Aim of the task
Set down, please, without alteration, the lines of the entries below from the first through the one containing "North Seattle encampment fire kills 1 man".

====== Data records ======

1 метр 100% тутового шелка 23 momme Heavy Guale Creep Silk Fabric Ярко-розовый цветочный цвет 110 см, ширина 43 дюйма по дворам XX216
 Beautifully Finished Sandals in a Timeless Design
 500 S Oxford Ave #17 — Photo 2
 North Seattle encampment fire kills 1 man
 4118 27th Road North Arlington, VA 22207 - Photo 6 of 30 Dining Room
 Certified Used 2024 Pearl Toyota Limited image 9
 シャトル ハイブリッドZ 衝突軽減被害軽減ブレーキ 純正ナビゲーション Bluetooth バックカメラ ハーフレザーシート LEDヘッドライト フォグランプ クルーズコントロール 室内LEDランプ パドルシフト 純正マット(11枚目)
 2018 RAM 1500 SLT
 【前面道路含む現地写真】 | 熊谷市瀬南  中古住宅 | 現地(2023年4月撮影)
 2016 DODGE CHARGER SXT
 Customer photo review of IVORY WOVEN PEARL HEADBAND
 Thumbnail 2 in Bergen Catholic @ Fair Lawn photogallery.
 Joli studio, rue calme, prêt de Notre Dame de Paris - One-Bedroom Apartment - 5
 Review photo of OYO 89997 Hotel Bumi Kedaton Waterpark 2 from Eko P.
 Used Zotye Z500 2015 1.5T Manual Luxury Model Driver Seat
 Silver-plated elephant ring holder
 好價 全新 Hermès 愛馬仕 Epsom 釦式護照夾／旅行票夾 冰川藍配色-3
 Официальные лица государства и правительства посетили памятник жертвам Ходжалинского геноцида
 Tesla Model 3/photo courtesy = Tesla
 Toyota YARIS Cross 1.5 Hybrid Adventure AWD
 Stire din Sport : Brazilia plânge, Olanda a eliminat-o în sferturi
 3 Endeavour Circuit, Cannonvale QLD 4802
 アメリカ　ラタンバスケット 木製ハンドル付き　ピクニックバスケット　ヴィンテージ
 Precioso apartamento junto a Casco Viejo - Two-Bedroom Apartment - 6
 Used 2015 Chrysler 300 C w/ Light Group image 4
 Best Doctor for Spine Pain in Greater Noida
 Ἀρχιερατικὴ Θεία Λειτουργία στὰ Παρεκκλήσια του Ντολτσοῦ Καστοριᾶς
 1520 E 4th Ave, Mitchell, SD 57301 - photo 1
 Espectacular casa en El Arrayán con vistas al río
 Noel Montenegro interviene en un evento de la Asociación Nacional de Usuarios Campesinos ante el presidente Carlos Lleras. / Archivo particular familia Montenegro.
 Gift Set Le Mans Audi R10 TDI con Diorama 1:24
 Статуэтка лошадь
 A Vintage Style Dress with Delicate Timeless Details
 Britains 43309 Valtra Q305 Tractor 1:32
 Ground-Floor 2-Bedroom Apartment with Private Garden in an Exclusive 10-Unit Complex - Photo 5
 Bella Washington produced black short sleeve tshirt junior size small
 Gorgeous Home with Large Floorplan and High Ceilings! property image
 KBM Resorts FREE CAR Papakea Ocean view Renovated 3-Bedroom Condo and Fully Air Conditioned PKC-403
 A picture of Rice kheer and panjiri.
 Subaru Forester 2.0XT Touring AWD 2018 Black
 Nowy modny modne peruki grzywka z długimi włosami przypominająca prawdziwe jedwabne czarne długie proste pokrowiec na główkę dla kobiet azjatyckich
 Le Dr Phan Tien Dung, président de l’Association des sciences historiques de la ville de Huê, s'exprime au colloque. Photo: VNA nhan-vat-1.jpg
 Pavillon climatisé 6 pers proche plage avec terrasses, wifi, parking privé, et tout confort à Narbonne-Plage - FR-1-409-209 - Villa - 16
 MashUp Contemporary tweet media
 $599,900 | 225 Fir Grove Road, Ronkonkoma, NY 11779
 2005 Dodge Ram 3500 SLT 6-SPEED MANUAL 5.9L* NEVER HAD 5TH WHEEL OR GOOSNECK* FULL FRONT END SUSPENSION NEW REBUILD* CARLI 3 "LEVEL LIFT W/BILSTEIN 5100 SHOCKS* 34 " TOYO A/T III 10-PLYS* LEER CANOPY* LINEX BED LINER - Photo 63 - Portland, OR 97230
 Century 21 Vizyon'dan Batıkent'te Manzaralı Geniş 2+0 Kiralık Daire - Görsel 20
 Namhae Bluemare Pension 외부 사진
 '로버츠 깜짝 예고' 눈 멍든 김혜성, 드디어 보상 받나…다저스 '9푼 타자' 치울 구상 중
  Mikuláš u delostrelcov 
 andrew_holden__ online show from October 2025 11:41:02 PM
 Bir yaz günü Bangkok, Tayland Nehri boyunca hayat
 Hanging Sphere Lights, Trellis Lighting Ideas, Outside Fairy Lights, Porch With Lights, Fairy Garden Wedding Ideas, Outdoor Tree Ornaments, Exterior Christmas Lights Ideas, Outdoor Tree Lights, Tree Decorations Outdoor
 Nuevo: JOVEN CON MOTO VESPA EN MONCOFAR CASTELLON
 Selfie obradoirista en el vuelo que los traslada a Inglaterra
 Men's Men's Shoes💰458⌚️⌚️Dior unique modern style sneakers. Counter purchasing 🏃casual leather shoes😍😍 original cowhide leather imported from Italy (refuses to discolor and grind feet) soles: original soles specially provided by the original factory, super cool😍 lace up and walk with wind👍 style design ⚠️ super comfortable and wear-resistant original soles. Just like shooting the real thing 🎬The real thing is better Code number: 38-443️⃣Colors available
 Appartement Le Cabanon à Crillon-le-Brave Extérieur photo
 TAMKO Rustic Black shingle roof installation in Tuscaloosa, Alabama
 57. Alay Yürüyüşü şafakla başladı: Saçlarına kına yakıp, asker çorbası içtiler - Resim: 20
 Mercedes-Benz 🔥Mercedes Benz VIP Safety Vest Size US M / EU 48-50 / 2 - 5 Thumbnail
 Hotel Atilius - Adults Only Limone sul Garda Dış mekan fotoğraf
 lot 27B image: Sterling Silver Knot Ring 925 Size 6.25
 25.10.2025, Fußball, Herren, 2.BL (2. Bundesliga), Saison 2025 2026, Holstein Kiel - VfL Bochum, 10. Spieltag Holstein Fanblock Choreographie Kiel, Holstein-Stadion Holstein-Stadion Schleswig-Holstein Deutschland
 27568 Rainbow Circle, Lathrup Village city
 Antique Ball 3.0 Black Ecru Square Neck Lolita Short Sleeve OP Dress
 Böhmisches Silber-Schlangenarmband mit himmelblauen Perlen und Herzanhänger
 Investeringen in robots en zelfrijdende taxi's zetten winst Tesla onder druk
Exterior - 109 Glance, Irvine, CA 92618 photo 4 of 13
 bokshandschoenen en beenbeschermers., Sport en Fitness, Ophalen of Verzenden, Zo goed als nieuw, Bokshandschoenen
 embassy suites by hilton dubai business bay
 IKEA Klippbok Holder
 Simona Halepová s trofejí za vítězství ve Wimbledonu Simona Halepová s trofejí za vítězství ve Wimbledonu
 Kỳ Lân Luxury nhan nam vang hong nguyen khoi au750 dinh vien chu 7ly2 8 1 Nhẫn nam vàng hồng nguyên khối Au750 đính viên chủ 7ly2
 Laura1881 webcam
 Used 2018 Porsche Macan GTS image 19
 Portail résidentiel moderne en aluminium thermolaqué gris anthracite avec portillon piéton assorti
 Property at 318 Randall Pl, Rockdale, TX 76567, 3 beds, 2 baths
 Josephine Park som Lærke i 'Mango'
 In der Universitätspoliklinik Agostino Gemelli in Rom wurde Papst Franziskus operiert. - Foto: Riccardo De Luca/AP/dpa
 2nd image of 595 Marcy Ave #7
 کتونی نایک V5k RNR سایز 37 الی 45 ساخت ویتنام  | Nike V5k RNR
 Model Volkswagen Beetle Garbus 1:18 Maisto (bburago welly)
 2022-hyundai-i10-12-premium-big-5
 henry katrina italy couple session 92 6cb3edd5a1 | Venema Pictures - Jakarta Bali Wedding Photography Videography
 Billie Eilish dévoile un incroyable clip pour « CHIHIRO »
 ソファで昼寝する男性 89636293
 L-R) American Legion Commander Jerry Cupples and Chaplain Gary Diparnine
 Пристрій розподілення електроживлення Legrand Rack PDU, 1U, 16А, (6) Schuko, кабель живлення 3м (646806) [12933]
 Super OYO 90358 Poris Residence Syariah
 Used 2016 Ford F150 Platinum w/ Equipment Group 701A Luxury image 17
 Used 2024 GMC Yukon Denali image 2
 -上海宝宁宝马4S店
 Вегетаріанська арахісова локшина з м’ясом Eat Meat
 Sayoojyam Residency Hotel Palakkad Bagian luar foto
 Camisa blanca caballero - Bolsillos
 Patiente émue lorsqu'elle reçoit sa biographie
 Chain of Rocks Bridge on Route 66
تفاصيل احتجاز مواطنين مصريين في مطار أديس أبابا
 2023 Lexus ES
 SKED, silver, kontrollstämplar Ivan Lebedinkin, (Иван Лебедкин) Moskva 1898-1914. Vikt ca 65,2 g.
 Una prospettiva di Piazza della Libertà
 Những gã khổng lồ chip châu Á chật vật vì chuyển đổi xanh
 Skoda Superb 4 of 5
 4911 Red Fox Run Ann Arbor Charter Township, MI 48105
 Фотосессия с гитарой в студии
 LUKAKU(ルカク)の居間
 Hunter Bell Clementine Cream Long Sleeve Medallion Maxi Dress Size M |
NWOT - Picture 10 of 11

======

Reply
1 метр 100% тутового шелка 23 momme Heavy Guale Creep Silk Fabric Ярко-розовый цветочный цвет 110 см, ширина 43 дюйма по дворам XX216
 Beautifully Finished Sandals in a Timeless Design
 500 S Oxford Ave #17 — Photo 2
 North Seattle encampment fire kills 1 man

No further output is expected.